At the center of the story are students who just want to live their truest lives, Barnett tells KCRW. 

“We are living in such a polarized country right now. A polarized world. We keep forgetting at the center of this debate or argument or issue or whatever people want to call it, there's just kids [who] try and struggle to be kids, right, who are teens going through that very complicated chapter in their life as it is and then add on the complexities of everything else?”

Each of the film’s subjects struggle with being accepted for their gender identity. Mack Beggs is a young trans man in Texas who is forced to compete on a women’s team. That’s due to a statewide policy that mandates athletes are only allowed to compete in the sport that’s representative of the gender on their birth certificate. 
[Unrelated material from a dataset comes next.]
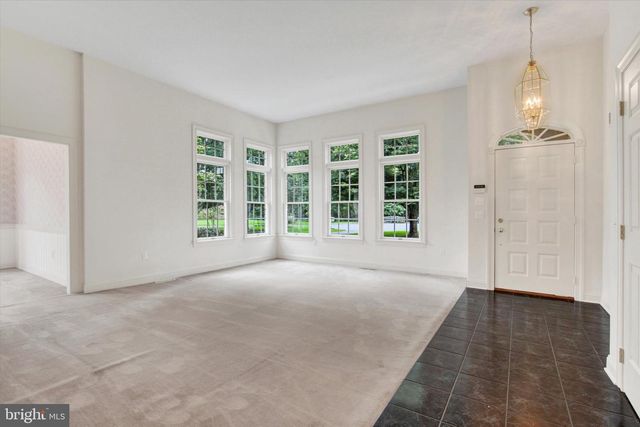 4 FOX RUN RD, Hummelstown, PA 17036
“Mack is a dominant wrestler, given any gender. He is an elite athlete. As we see in the film, he should not have been wrestling women. He should have been wrestling men. And even when he does wrestle men, he does really, really well and ends up wrestling men in college,” Barnett says.

He adds that the policy only hurts students in the long run. However Barnett points out that Beggs is not without the support of his grandmother. Throughout the film, she undergoes a personal transformation from an unabashed religious, Trump-voting Republican who can’t get his pronouns right to becoming one of his biggest allies. 

“She is there for him 100% of the way with nothing but love and support. She does not politicize him being trans in any way, shape, or form,” Barnett says. “She has continued to fight law and legislation and policy in Texas. Her love and support enables Mack to have that safe space to be as courageous as he is to live as authentically in his own truth.”


In “Changing the Game,'' Mack Beggs is forced to play on a women’s team, despite his identity as a trans man. Photo courtesy of Hulu

At the time, Beggs was being harassed online by not only strangers but well known media personalities. It got to a point where he took sleeping pills in an effort to end his life. 

“They bully him so hard that that moment in the film is so tough for me to endure. It's just a real reminder [that] Mack is the embodiment of resiliency and courage. And this is a kid who still tried to end his own life,” Barnett says. “He's still part of that statistic of suicide attempts for trans youth. It hits me to my core. it is a powerful reminder of the love and support that trans youth do need to navigate this world.”

Another subject of the documentary is Andraya from Connecticut who runs track and field. Unlike in Texas, she is able to compete on sports teams that are consistent with her gender identity. But not everyone is on board with the idea of a trans athlete playing on the team. That’s because of the perceived advantages trans athletes are thought to have. 

Barnett argues that at the center of sports should not be the idea of what’s fair or who wins or loses, but the community a sports team can provide.

“We talk [like] every single trans athlete is going to steal every scholarship from every single kid. Most youth that are trans don't want to play sports because they're terrified right? The courage that's required to just play a sport to be out to have to endure that much ridicule and hatred. That feels unfair to me.”